Even the man who gave the police officer an incorrect password has a plausible excuse. He was in a stressful situation where an armed man was ordering him to do something against his will. It’s not unusual for people to forget or misremember basic information during stressful situations so it’s not implausible that the man simply misremembered his password at the time. But now he’s going to prison even though his guilt cannot be proven.

The State’s Definition of Justice

To most people the term justice creates images of people who were wronged being compensated by the individual(s) who wronged them. The State has a different view of justice. In the eyes of the State justice creates an image where it is compensated whenever anybody has been wronged. This skewed view of justice is what motivated the State to primarily pursue crimes that will be profitable to it instead of crimes involving a victim. It’s also why when the State wrongs somebody it resists compensating them:

A Tennessee man who served 31 years in jail for a crime he didn’t commit is petitioning the state to compensate him $1 million for the years of his life that were taken away. All he’s gotten so far is $75.

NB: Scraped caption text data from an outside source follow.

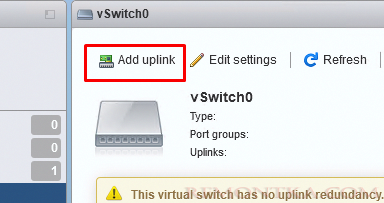 добавить uplink в vmware esxi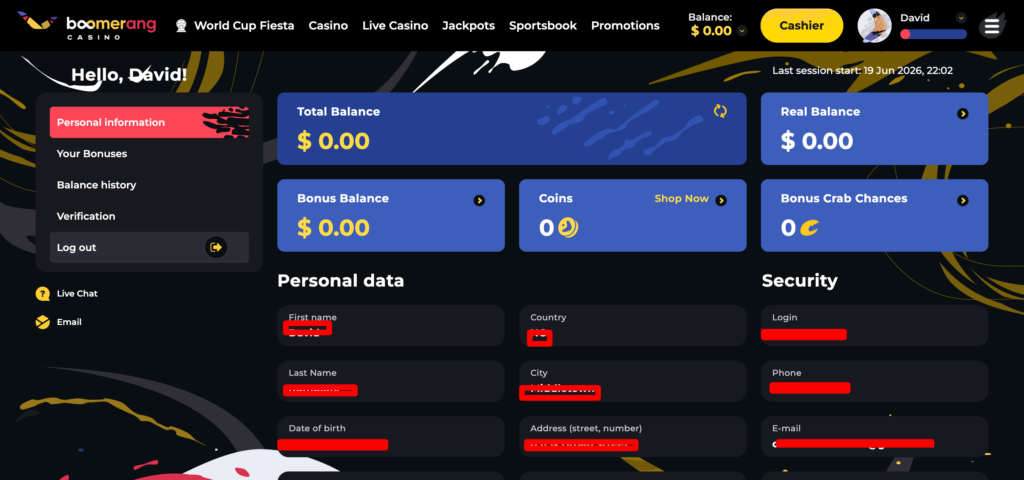 Boomerang Casino profile setting 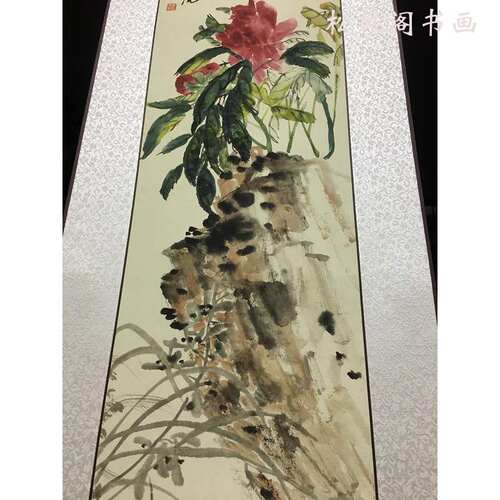 吴昌硕芍药图复古中式挂画写意花鸟字画仿古微喷复制装饰国画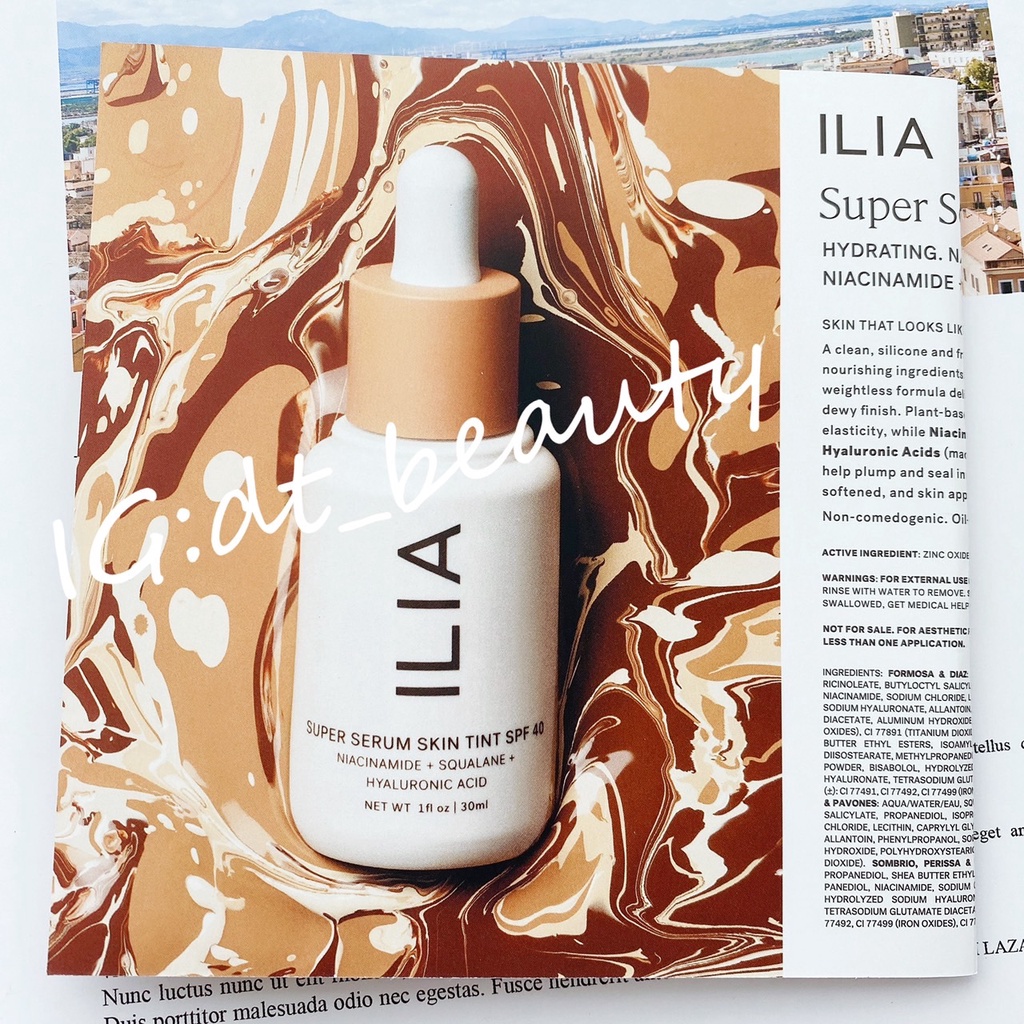 ILIA-Super Serum Skin Tint 粉底液有機無毒粉底試用卡小卡小樣#4 #9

In October 1977 a Memphis woman was raped in her home by two intruders. She later identified one of them as her neighbor, Lawrence McKinney, who was 22 at the time. He was convicted on rape and burglary charges in 1978 and sentenced to 115 years in jail.

DNA evidence cleared him of the charges in 2008, and when he was released in 2009, the Tennessee Department of Corrections gave him a $75 check to restart his life.

This story is from 2016 but a search indicates that he still hasn’t been compensated beyond $75 even though the State stole 31 years of his life.

If you kidnapped somebody and detained them for 31 years do you think that you’d get off with a $75 fine? Probably not. You’d likely face a lifetime in prison. But when it comes to rules the State’s attitude is that rules are for thee, not for me. Mr. McKinney will be lucky if he ever sees more than $75 from his case because the State wants to profit off of every crime, even its own.